--- Supplied information ---
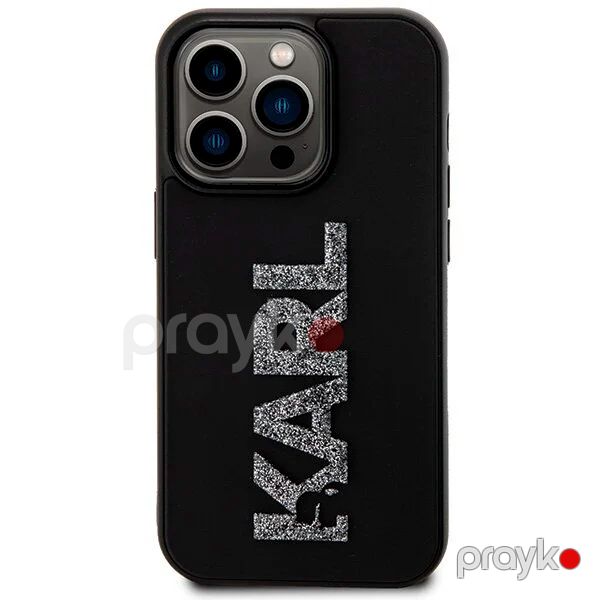 Karl Lagerfeld 3D Glitter Karl Logo Case for iPhone 15 Pro Black — Mallar, Bakı (2)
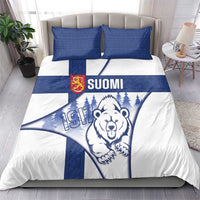 Finland Independence Day Bedding Set Suomi 1917 Proud Flag Finnish Folk Pattern - Wonder Print Shop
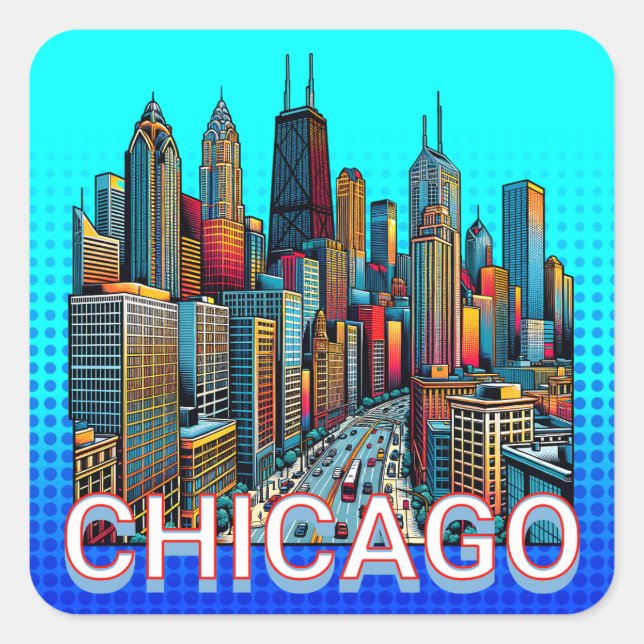 Sticker Carré Pop art Comic Book Art Chicago Illinois Skyline (Devant)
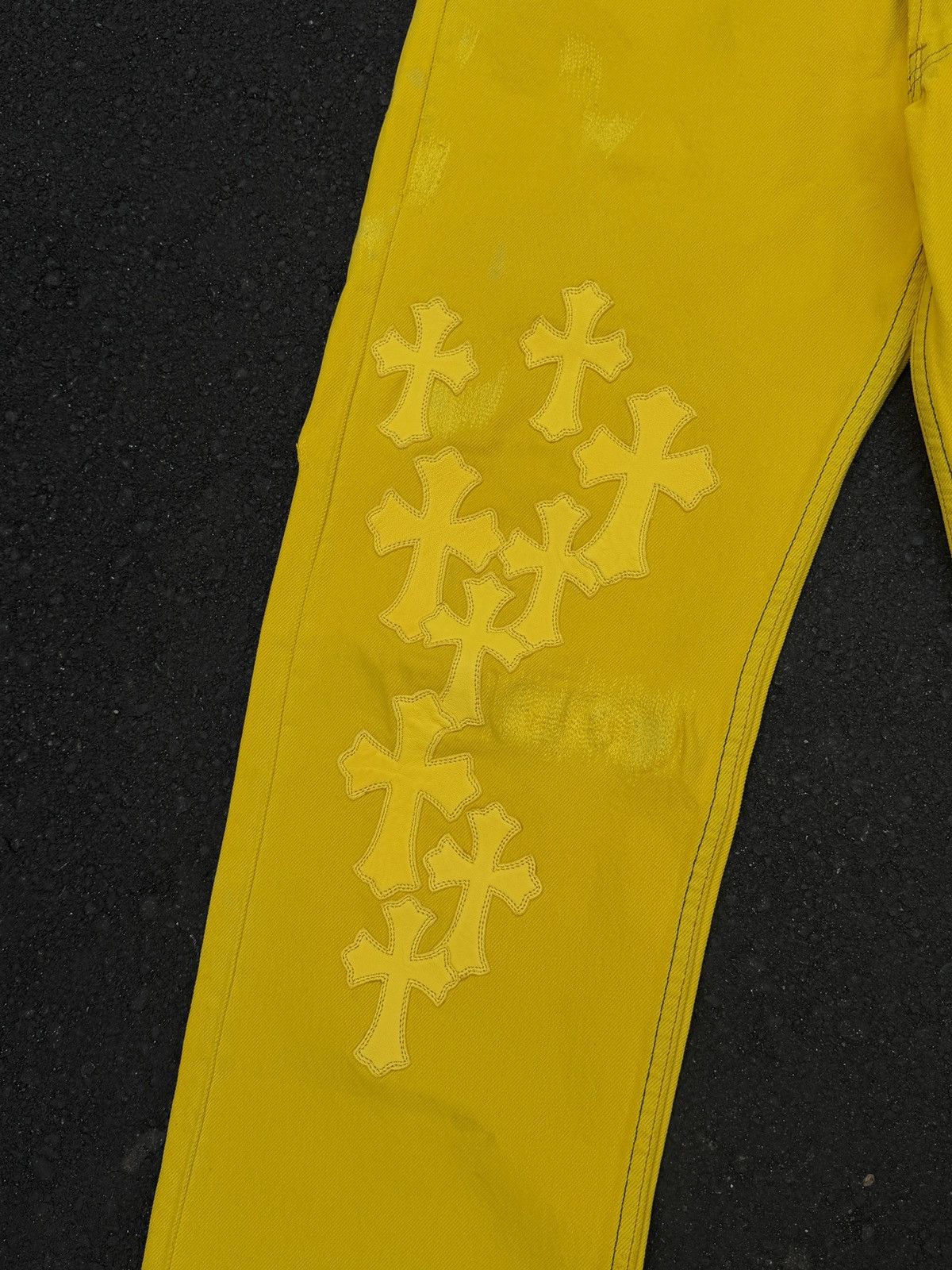 Chrome Hearts Chrome Hearts Yellow Cross Patch Levi's Jeans Size US 33 - 4 Thumbnail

--- Exercise brief ---
Leave the images out as you retype each line of the material exactly.

--- Your solution ---
 Karl Lagerfeld 3D Glitter Karl Logo Case for iPhone 15 Pro Black — Mallar, Bakı (2)
 Finland Independence Day Bedding Set Suomi 1917 Proud Flag Finnish Folk Pattern - Wonder Print Shop
 Sticker Carré Pop art Comic Book Art Chicago Illinois Skyline (Devant)
 Chrome Hearts Chrome Hearts Yellow Cross Patch Levi's Jeans Size US 33 - 4 Thumbnail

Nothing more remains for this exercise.